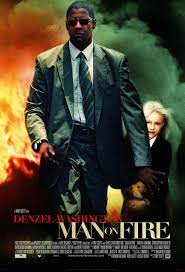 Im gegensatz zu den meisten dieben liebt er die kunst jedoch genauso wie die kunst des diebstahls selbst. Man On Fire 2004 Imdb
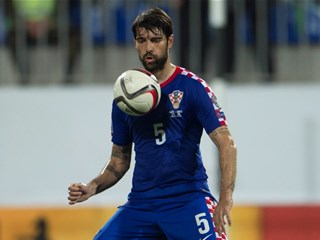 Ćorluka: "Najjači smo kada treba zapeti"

---

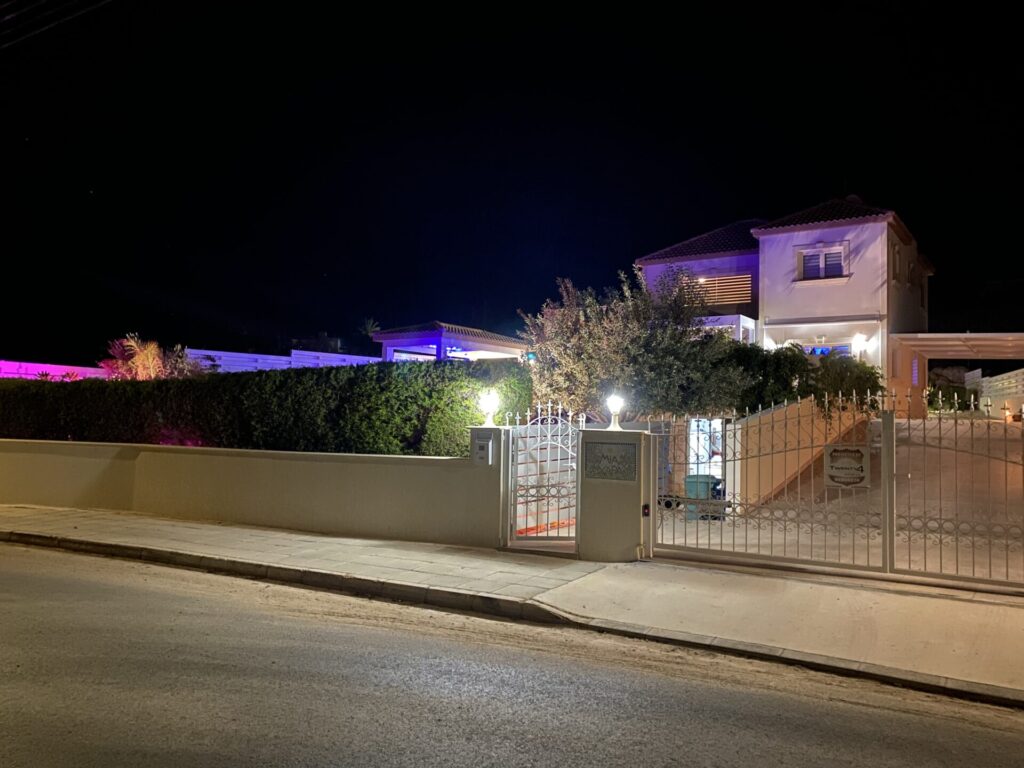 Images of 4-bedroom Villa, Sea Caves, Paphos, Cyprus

» **To do**: Using the data above, retype exactly the lines from the line with "Im gegensatz zu" to the line with "smo kada treba", inclusive. No pictures and nothing else.

» **Written answer**:
 Im gegensatz zu den meisten dieben liebt er die kunst jedoch genauso wie die kunst des diebstahls selbst. Man On Fire 2004 Imdb
 Ćorluka: "Najjači smo kada treba zapeti"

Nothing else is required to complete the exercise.